Director-writers Reina Gossett and Sasha Wortzel, self-proclaimed activists for trans rights, set out to create a documentary about LGBTQ rights hero Johnson. They wound up with a narrative film starring Tangerine breakout actress Mya Taylor. Now, the creators are seeking donations on Indiegogo to complete post-production.
"It's been  years since the Stonewall rebellion, yet the leading role that street queens, trans women of color and gender nonconforming people had during the riots hasn't received the recognition it deserves," the production team wrote in their artistic statement. "By making Happy Birthday, Marsha!, we are seeking to change that."
As a trans woman of color, Johnson's story isn't the most Hollywood-friendly. In the case of Stonewall, her role was significantly reduced to make room for a white, cis, male protagonist. So Happy Birthday, Marsha!, depicting the activist's life in the hours leading up to the Stonewall riots, feels like a response to that, even if an unintentional one.
The film has received support from several foundations and funds, but for the actual production. Post-production costs — including for editing, graphics, a musical score and paying for film festival submissions — accumulate quickly.
This part of the filmmaking process is vital for making a movie look worthy of wide attention. Poor sound design or editing will only limit its potential audience who could see Happy Birthday, Marsha! as a niche film for queer audiences.

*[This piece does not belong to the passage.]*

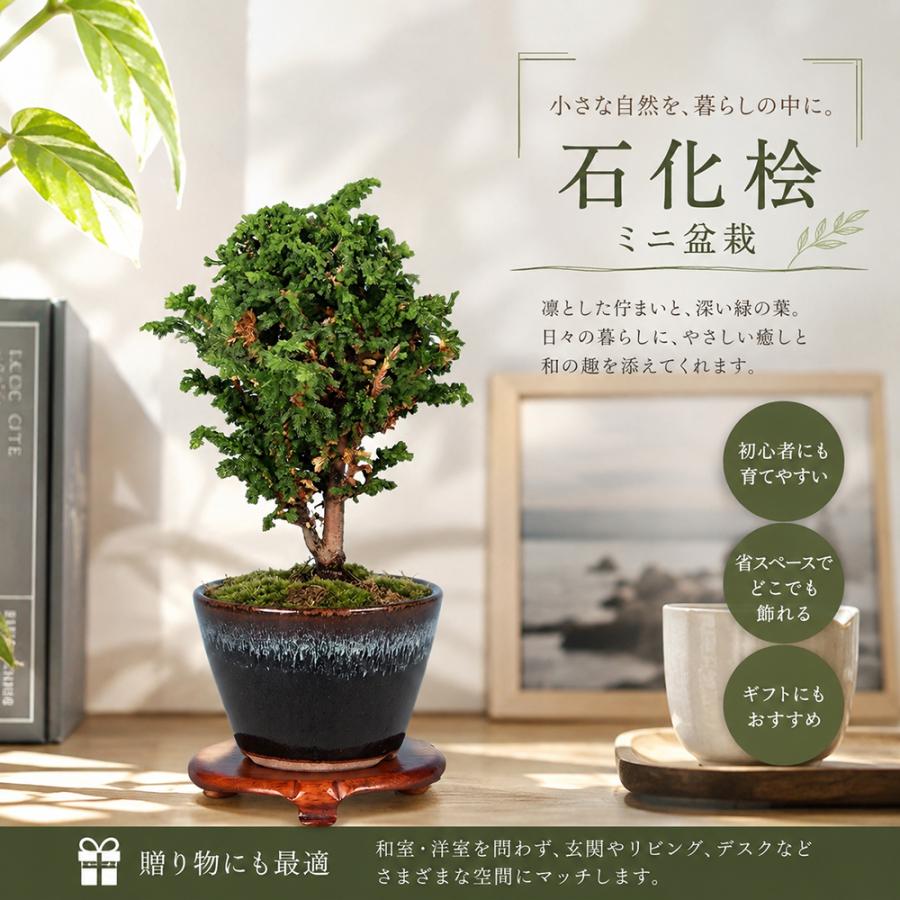 盆栽 石化桧 挿し木2年生 7.5cmポット入り 銀芽 檜 桧 ヒノキ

Gossett and Wortzel's goal isn't niche, though; it's to tell a vital story to a wide audience.
"Despite the challenges we have faced, we have also received a considerable amount of support that has affirmed what we already believed," the production team said on their Indiegogo pitch page. "The world is ready for a film that vividly depicts the rich legacy of our historical transgender figures, like Marsha and Sylvia [Rivera], and their integral role in the modern LGBT rights movement."
With 61 hours to go as of this story's publication, the team is still looking for just under $8,000. According to the Indiegogo page, should the film raise enough funds, the hope is to start showing it in early 2016.